Conscious of this, some countries have already begun to populate the spreadsheet with targets of their own, moving ahead of a global agreement.

 

In Europe, for example, EU heads of state have agreed to a 20% reduction in GHG emissions by 2020 on 1990 levels and a 30% reduction if there is a comprehensive post 2012 global deal.

 

In 2008, the White House set a target of bringing US emissions to a peak by 2025 – a departure from previous refusal to set such a goal but one so far removed from those proposed elsewhere that it was immediately attacked by NGOs as too little too late.

 

In fact, to achieve the right balance in a world where OECD emissions are the minority, OECD countries will need to achieve massive cuts to offset more modest ones in fast-growing economies such as China and India.
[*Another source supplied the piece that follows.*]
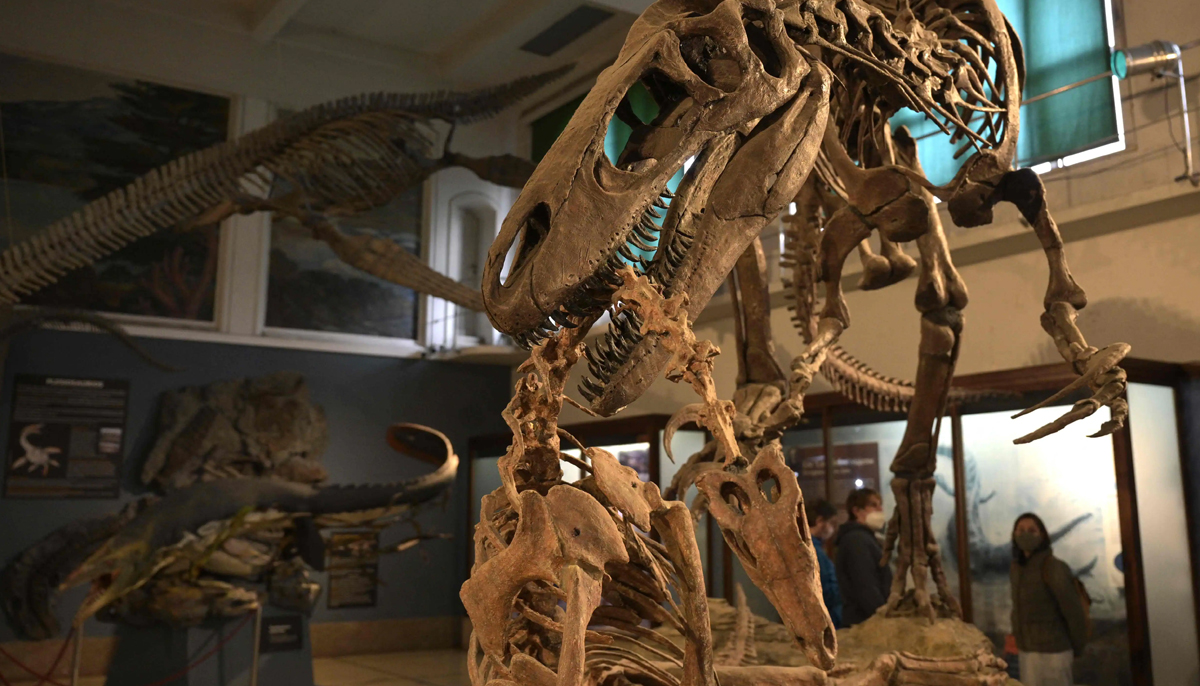 megaraptor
And with a 2015 peak as a target, those cuts would need to be heavily front-end loaded.

 

In the UK, CO2 emissions are already tapering down, from around 600 million tonnes a year in 1990 to around 550 today and falling.[3] And the  current commitment is to a 60% cut in emissions by 2050. But in the context of international burden-sharing, this looks modest if the global target is even 50%, let alone 85%, and less ambitious still if the idea is to make emissions peak worldwide in 2015. 

 

In a 2015 peak world, a developed world country might have to look at a 2050 emissions reduction target of 100% on the basis that it would achieve, say, 70% of the cuts within its borders and 30% in developing countries – by facilitating cuts in those countries equal to that proportion of its own emissions.

 

One metric likely to be highlighted in the debate is the relative size of per capita emissions in developing countries. The argument from those countries which have relatively low per capita energy use and emissions, will be that they should be able to allow their relative share of emissions to rise to accommodate their aspirations for growth and poverty reduction as recognised, for example, in the Millennium Development Goals. 

 

Various terms are used to describe the overall process by which emissions reductions could be co-ordinated. ‘Convergence and contraction’ is a construct in which emissions in developed countries would contract over time and emissions from developing countries would converge to an equal per capita emissions level.
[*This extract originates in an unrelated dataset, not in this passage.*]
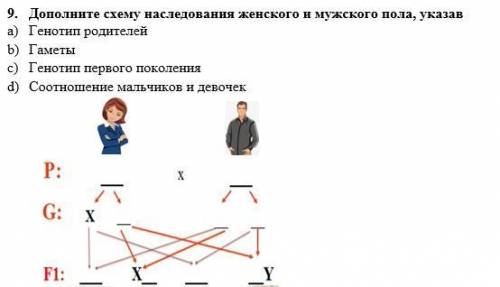 9. Дополните схему наследования женского и мужского пола, указав a) Генотип родителей b) Гаметы c) Г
Under ‘Common but differentiated convergence’ developed countries’ per capita emissions would converge to a low level while developing countries’ per capita emissions converge to the same level over the same time period, but decrease after their per capita emissions are a certain percentage above or below the (time dependent) global average. The ‘Triptych’ approach takes into account differences in national circumstances that are relevant to emissions – including those who are heavy emitters as well as those with high growth and low per capita emissions.